● Data entries:
- - -

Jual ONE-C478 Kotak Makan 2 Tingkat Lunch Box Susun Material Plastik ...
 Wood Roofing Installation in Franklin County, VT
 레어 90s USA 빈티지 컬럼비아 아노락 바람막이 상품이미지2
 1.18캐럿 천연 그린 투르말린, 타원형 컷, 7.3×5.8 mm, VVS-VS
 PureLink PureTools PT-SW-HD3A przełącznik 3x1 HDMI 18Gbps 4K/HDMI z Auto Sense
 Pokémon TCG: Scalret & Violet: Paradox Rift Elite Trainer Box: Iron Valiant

- - -

Take the lines above from the one holding "Wood Roofing Installation" to the last and output them exactly.

 Wood Roofing Installation in Franklin County, VT
 레어 90s USA 빈티지 컬럼비아 아노락 바람막이 상품이미지2
 1.18캐럿 천연 그린 투르말린, 타원형 컷, 7.3×5.8 mm, VVS-VS
 PureLink PureTools PT-SW-HD3A przełącznik 3x1 HDMI 18Gbps 4K/HDMI z Auto Sense
 Pokémon TCG: Scalret & Violet: Paradox Rift Elite Trainer Box: Iron Valiant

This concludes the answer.